Damn, SpaCy and FastAPI, not to mention Prodigy, make up a huge percentage of our teams development stack. It took us a while to even realize that tiangolo and syllogism work together, but there was definitely a moment of slack jawedness across the team when this became clear.
Having built SpaCy from source, Thinc was something I've dealt with in passing before. Needed to look over some of it's source for debugging briefly, but never paid a whole lot of attention to it. This is basically a complete overhaul and it's beautiful.
It blows my mind how productive this team is. ExplosionAI and the SpaCy compatible model implementations from HuggingFace are basically responsible for a _huge_ amount of practical progress in making modern NLP models quickly and easily accessible. Now a general development framework, that frankly makes TF Keras and PyTorch pale in comparison wrt simplicity, is absolutely astounding.
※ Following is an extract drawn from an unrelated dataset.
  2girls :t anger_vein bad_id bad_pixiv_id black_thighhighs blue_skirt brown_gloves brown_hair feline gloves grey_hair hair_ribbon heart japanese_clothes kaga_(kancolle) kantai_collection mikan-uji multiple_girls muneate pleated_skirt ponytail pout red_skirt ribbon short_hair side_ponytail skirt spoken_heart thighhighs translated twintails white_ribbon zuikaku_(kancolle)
Congrats everyone on the release!
Now I need to go back to packing up my apartment and ponder how I'll ever approach this velocity and quality.
I actually have a draft write up of what I've tentatively termed a "default prototyping stack for data science" but that focuses less on SpaCy/NLP and ML frameworks in general and more on effective methods to produce simple applications that consume your model output, partially via FastAPI actually.
I'm happy to answer questions to the extent that I'm able to though. Feel free to contact me via any of the methods available in the link on my profile.
If you've used FastAPI you'll probably like Thinc.
It uses Python type hints extensively and even includes a Mypy plugin. So, you'll get nice and clear errors right in your editor for many operations that before were Numpy/Tensor "black magic". All before even running your code.
And you can wrap TensorFlow, PyTorch, and MXNet with it, mix them with Thinc layers, etc.
But Keras does not support PyTorch or MXNet. I think the design of Model, Block, and Layer like this is very intuitive and shared among several frameworks. I wish it could have multi-GPU/multi-node training capability (i.e. support horovod or gloo).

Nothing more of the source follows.